New research team to focus on community health

IREACH

A new research team focusing on community health in underserved populations recently transitioned to WSU Spokane. The team’s work will help sustain health, especially in underserved communities.

The Initiative for Research and Education to Advance Community Health – or IREACH – is the umbrella body for three pieces of research:

Partnerships for Native Health
This research focuses on native populations and studies the difference of care among different groups. The research team has studied HPV and stroke rates among native populations, among other topics.
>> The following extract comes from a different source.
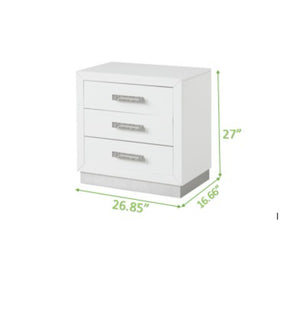 English Elm Nightstand Coco 3-Drawer Milky White with Crystal Diamond Hardware — Elegant Storage for Bedroom Glam 659436145337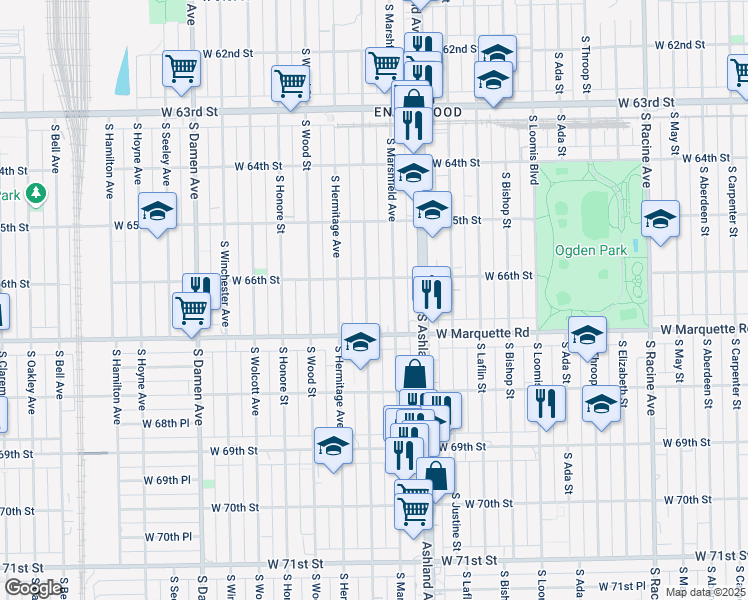 map of restaurants, bars, coffee shops, grocery stores, and more near 6611 South Paulina Street in Chicago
“We have about thirty active research sites today,” said Dedra Buchwald, M.D., who heads the IREACH team.

Behavioral Health Institute
This research looks at different ways of delivering and developing interventions for addictions and serious mental illnesses.

Michael McDonell, Ph.D., has already worked with researchers at WSU in Pullman. That research team is looking at developing a marijuana breathalyzer.
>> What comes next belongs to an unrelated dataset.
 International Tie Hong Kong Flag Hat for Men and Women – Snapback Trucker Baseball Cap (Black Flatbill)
Twin Research and the Built Environment
Glen Duncan, Ph.D., leads this research and has a twin database (the Washington State Twin Registry) to study genes, behaviors and more. Duncan also studies built environments (how our surroundings are made up and how we use them).

Duncan has measured what people do and where they do it, to put it in simple terms. Did they walk? Drive? Ride a bike? To find these answers, Duncan has used gadgets that people keep on them. For one example, these gadgets measure where people go so we can study how walkable their environments are, and how that impacts their behavior.

The IREACH team will also work with WSU Spokane’s Program of Excellence in Addictions Research (PEAR), a multidisciplinary group of researchers that look at drug and alcohol addiction.

The work of IREACH aligns with WSU’s goal of leading research to sustain health, and IREACH works with many other disciplines to solve problems.